Start of Records supplied

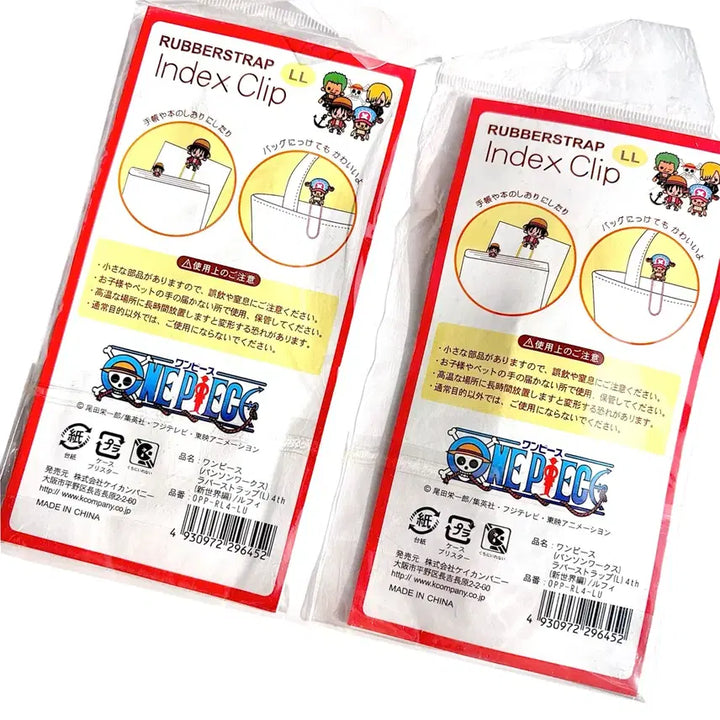 [BUNJANG] One Piece Hello Kitty Collaboration Big Clip / [고전문구] 원피스 X 헬로키티 콜라보 빅 클립 다꾸 집게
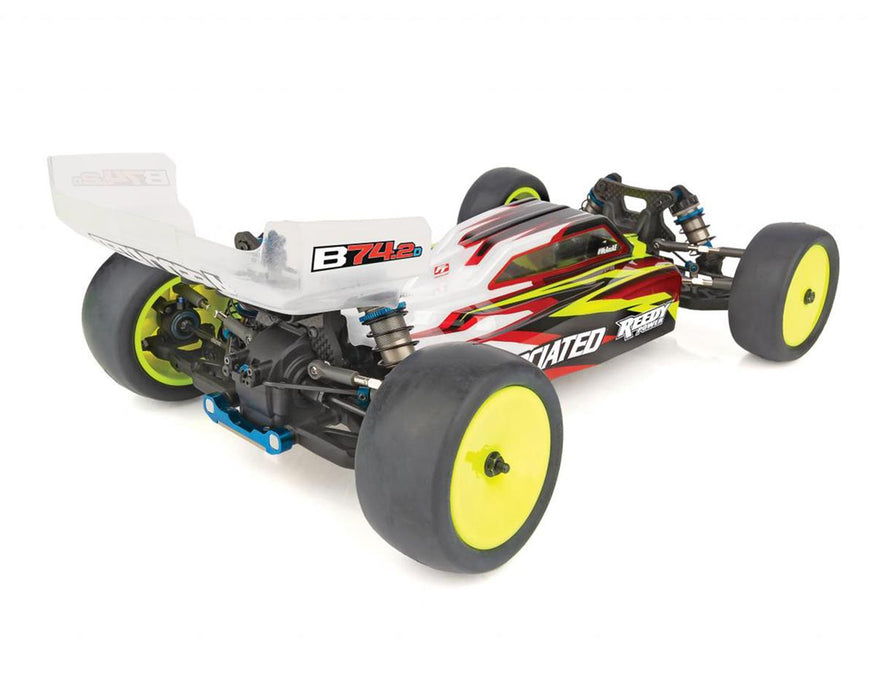 90037 Team Associated RC10B74.2D Team 1/10 4WD Off-Road Electric Buggy Kit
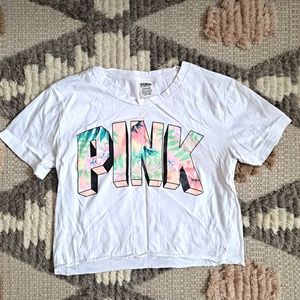 PINK crop top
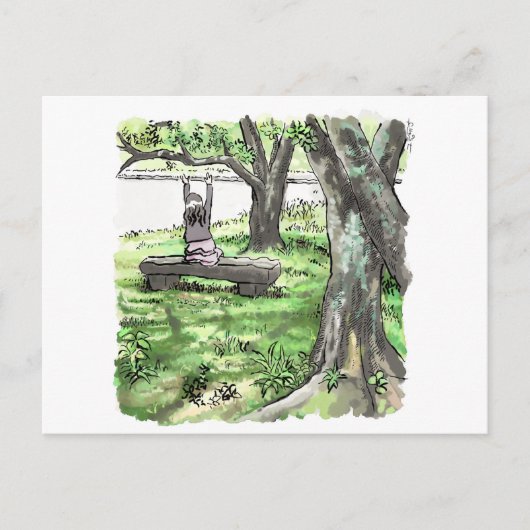 さいににじ BRIEFKAART (Voorkant)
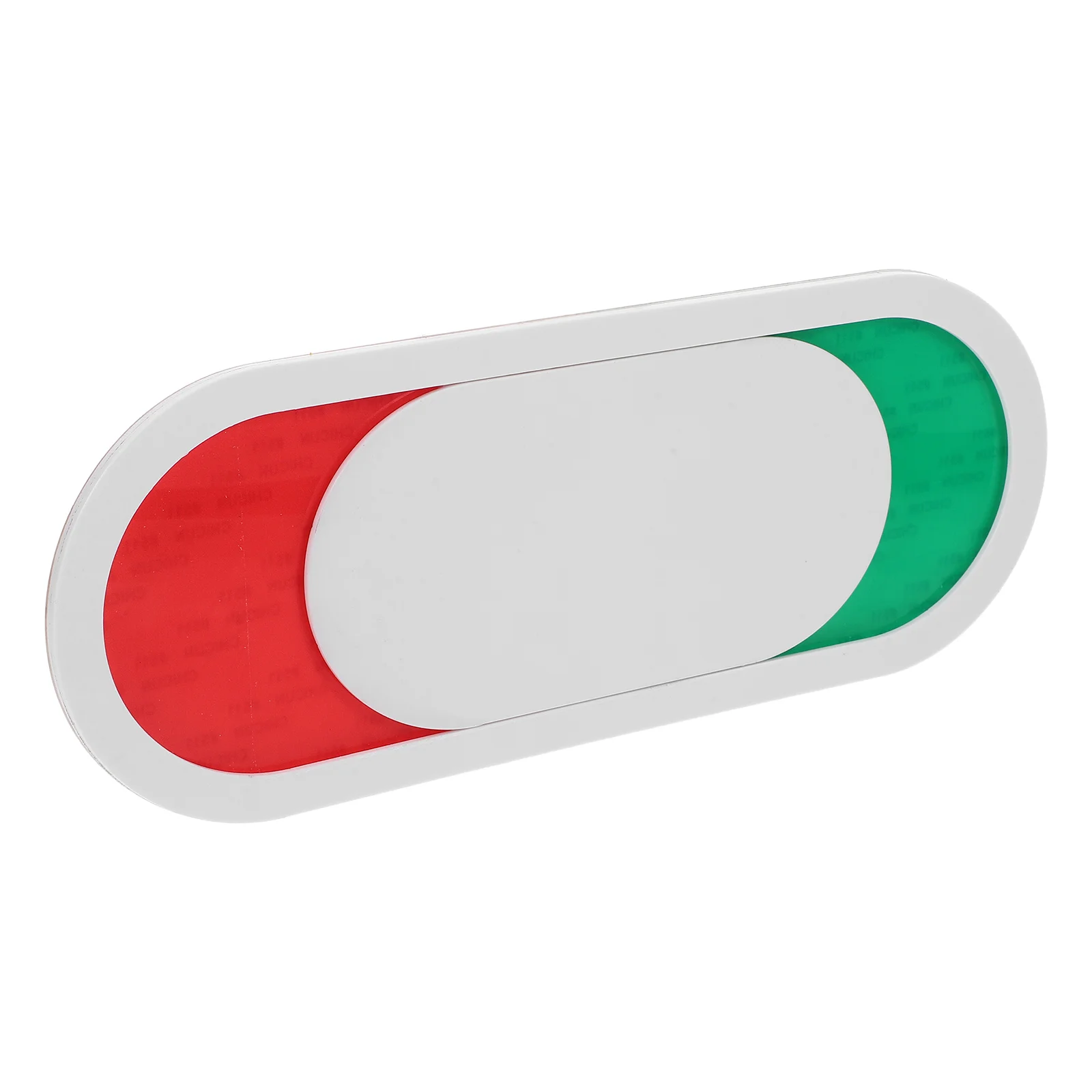 Small Slide Door Sign Privacy Indicator for Office Conference Room Do Not Disturb Hanger Meeting in Progress Available Signboard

End of Records supplied

All lines from the one with "PINK crop top" through the end of the records above must be reproduced exactly, both ends included, and the pictures must be left out.

Result for this task ▸
 PINK crop top
 さいににじ BRIEFKAART (Voorkant)
 Small Slide Door Sign Privacy Indicator for Office Conference Room Do Not Disturb Hanger Meeting in Progress Available Signboard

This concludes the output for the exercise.